Coop Foot, also know as Co-op Foot, is a term my informant told me is used by the people who live in her house; she learned it from multiple people, not just one. She told me about this term on her front porch while she at the time had ‘a mild case of coop foot.’ It falls under a collective running joke among the house members concerning how filthy their house is. If someone takes a shower and then walks around downstairs for even just ten minutes, she says their feet get impossibly dirty. However, she used the term affectionately and had a poetic description for it. It sounded as though she had a sense of pride about it, probably because it’s something she and her housemates have bonded over.

How Free Speech Was Saved

This is pre-co-op early days. The year was 2006, so it was one year before the house was created. This was when certain people who were influential to the house lived at what was called the Phi Omega Tau house, or the green house, and so did Strawberry and Wave, who named the Technicolor Tree Tribe from a brain wave she had. (laughs) They lived at the Phi Omega Tau house and they had participated in a free speech zone protest because USC made up this thing, like, a couple years ago where we only had a free speech zone from 12 to 2pm at Tommy Trojan. So they had made this sign and painted it and stuff. After the protest they took it back to their porch and hung it up on their porch and it’s a really nice porch and that they were hanging out on. And so, they were just hanging out on the porch one day and this girl comes by and starts talking shit and she sort of identified herself as a USC college republican and she had a lighter and like tried to set the banner attached to their porch on fire. So, they like brought out a hose and Strawberry was apparently in the background yelling, “if you’re gonna bring fire, we’re gonna bring water!” And they basically sprayed this girl and her dog with a hose and then she came – well, they don’t if she came back – but someone came to the house that night and set the banner on fire and the smoke alarms went off and like they got up and luckily woke up and sprayed the thing out, but there were burn marks all over the porch. Yeah. So they pretty much knew it was this girl, but they couldn’t like call the cops or anything, because apparently like you don’t really invite the cops over to something called the Phi Omega Tau House…because if you know what those Greek symbols mean (laughs) Phi Omega Tau kind of spells out ‘pot.’ That’s Strawberry’s story. I think the girl knew about the protest during the day and like was against that or just this house.

 

After finishing the tale, my informant went on to say that free speech was ironically practiced by the girl who had thought that the people at Phi Omega Tau shouldn’t have expressed what they believed. This situation is an example of the tension, division, and struggle between people who believe in different ideals and how students opposed to certain USC policies also collide with other students.

Gloria I

You can talk to G about this, and M.I. and M. So, first or second year of the co-op, so like 2007, 2008, N lived at the co-op and we were at the old house on orchard street back then.
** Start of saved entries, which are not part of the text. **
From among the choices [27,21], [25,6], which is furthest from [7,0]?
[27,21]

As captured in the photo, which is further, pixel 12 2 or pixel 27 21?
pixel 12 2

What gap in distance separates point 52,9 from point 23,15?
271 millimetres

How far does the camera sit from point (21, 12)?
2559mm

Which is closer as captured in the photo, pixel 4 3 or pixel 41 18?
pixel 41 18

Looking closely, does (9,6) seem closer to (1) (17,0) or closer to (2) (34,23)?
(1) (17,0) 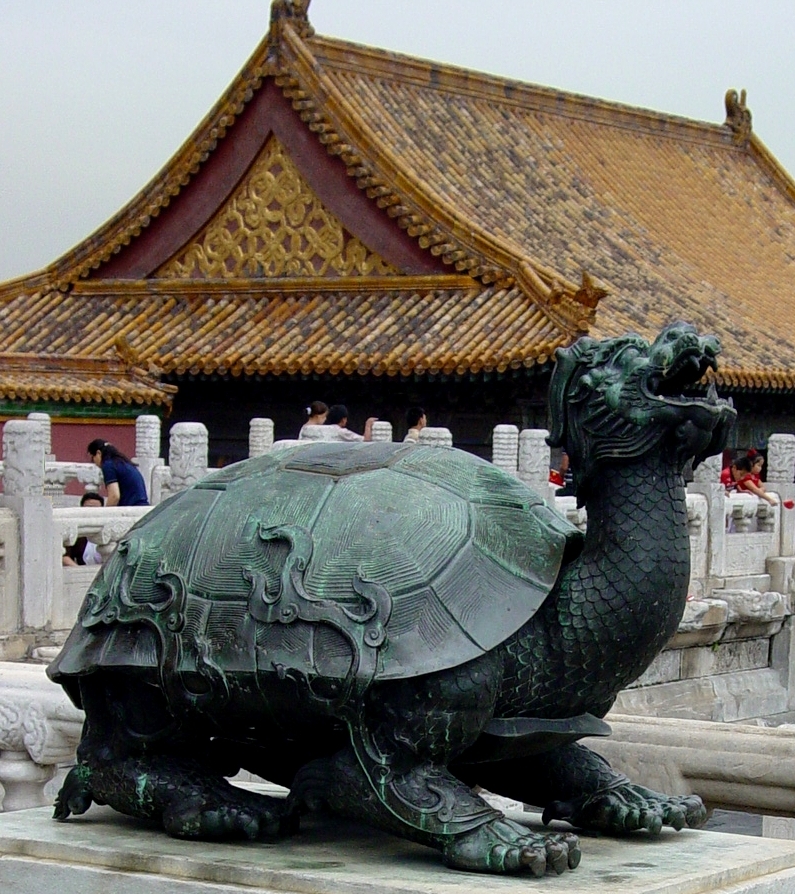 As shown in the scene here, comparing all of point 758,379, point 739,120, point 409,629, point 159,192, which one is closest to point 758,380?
point 758,379

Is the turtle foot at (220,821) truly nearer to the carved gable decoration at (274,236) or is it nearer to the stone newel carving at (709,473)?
the stone newel carving at (709,473)

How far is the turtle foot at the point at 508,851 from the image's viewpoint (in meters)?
3.77

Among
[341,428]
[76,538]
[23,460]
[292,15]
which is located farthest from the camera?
[292,15]

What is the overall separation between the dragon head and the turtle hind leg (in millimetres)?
996

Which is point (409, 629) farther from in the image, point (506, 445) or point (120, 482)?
point (506, 445)

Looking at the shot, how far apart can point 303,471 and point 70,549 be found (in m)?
6.49

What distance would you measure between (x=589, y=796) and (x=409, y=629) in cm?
67

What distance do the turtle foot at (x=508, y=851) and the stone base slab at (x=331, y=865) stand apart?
1.0 inches

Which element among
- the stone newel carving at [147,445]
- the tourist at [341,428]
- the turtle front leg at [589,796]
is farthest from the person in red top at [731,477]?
the turtle front leg at [589,796]

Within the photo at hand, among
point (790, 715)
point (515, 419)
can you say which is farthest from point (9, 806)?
point (515, 419)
And um, there were a lot…well, there were a lot of people sleeping with each other in the house. (laughs) Not like that’s strange or anything, but umm, there was constantly this joke about how given that so many people are sleeping with each other in the house, why don’t we just have an orgy? Since that’s an experience we all seem to want to have. And N coined the name ‘Gloria’ as like the name of the orgy. So in her mind she was thinking like we’re gonna have this orgy and it’s gonna be epic and all these people from the house are gonna be in it and it’s gonna go down in history and we’re going to call it Gloria. So that was like 2008. Now it’s 2012. And there have been two…people refer to them as Gloria I and Gloria II. Neither of them were like what people think of when they think of an orgy- a sexual orgy. Yeah, I wasn’t really part of Gloria II, but Gloria I is alternatively called The Acid Orgy. Um, and yeah, that was the one where like 15 to 20 people ate acid and we ended up in that one room just like lying on top of each other listening to Air… for like twenty hours. We weren’t actually in that room for twenty hours, but we all tripped for a really long time. But yeah, it’s interesting the way people use the word orgy, because usually you think of orgy as like four plus people having sex. And I think what we realized that night – cause we realized it was Gloria I, at the time it was just Gloria – that night, and called it that that night. We realized that instead of four plus people having sex and bonding in a sexual way, it was a whole bunch of people bonding in the way that people bond with each other when they feel comfortable tripping on acid together, which is like it’s own little bonding thing. So that’s why we called it Gloria. (laughs) But yeah, you should ask G about it too.

 

This is a piece of group lore that the members of that group reflect on fondly and I’ve heard variations on the story from numerous people who have told it to people outside of the group. Without intending to, the experience redefined a term that usually has taboo connotations that make people uncomfortable. Instead, it was a deep bonding experience within a community. Also, I shortened names to the first letter or first two letters for the sake of privacy.

 

Gloria III

It began when we had our party I really don’t remember the beginning – it was the Genderfuck party, yeah –  because I was on this thing called DOC. And I was tripping and kind of like in my own little world. I do know that around 2am, people started taking off their clothes and were showing their boobies everywhere and they were just dancing and I was like, “What!? What’s going on, this is amazing.”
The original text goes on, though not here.